Search giant Google has announced that it is offering adventurous hackers a $2.7m (£1.6m) bounty if they can successfully expose flaws in the source code behind its Chrome operating system and internet browser.
In an event called ‘Pwnium 4’, Google has specified that attacks, if they are to be eligible for the cash prize, have to be triggered remotely using a Chromebook to visit – and partially take over – a website.
Google has stated that it will give $150,000 (£90,000) to anyone who is able to highlight a vulnerability.
While hackers will have the chance to snatch up a number of smaller rewards for partial exposures, the Californian company confirmed that significantly larger cash prizes will be issued for “particularly impressive or surprising” exploits.

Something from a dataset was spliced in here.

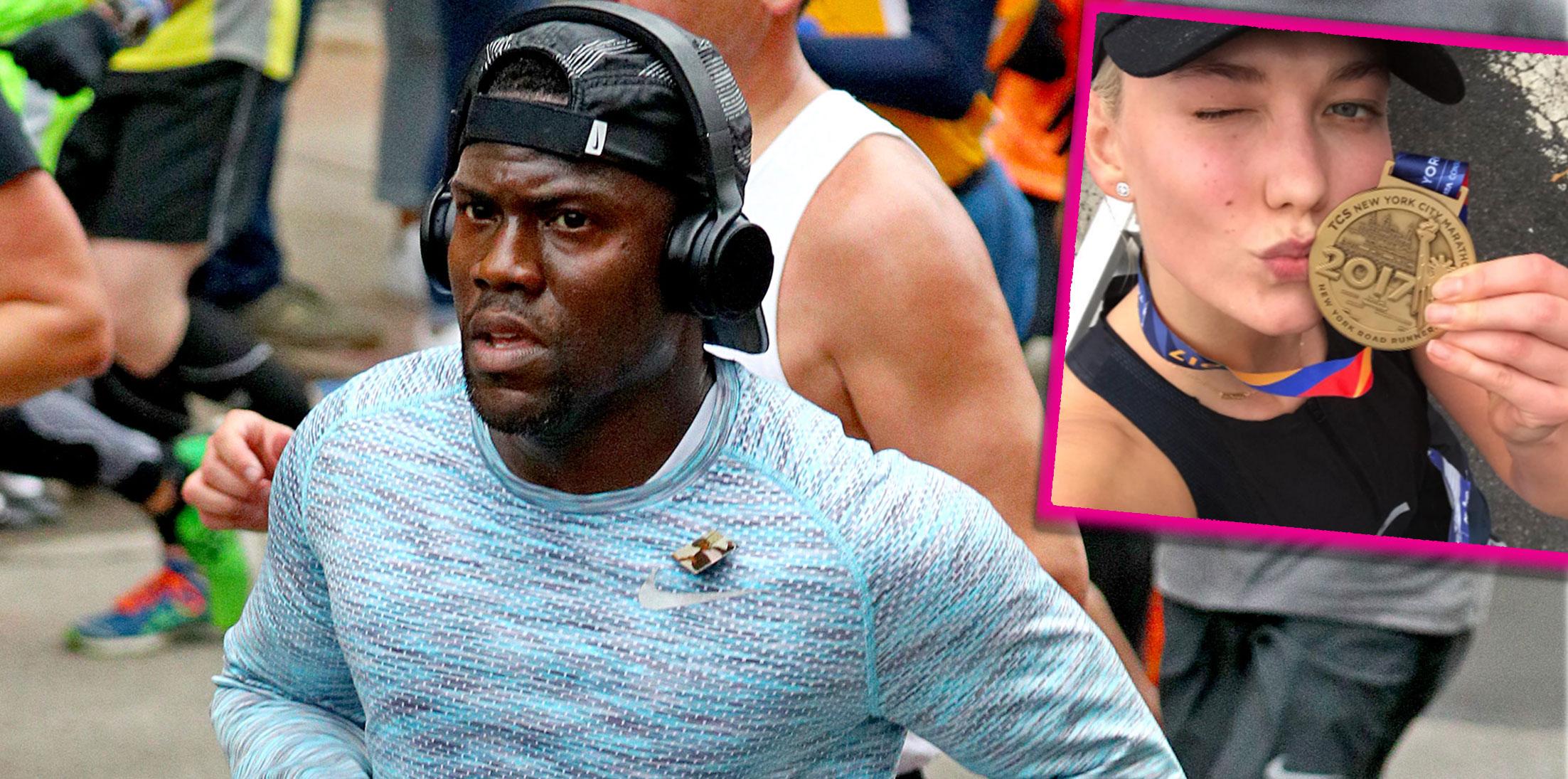 All The Celebs Who Ran The Nyc Marathon Kevin Hart Karlie Kloss And More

The rewards are set to be given on a first-come, first-served basis until the $2.7m set aside especially for the competition has run out.
The contest is scheduled to take place at the Vancouver CanSecWest conference in March.
For companies with a strong search engine optimisation strategy in place, a strengthening of any of the most widely used internet browsers can only be a good thing.
Statistics compiled by W3Schools.com show that today, Chrome comfortably retains the number one spot among the biggest internet browsers. The data reveals that Chrome overtook Firefox to the number one spot in March 2012, and has since then gradually increased its market share.
In December last year, 55.8% of users accessed the web using Chrome, while 26.8% used Firefox and 9.0% used Internet Explorer.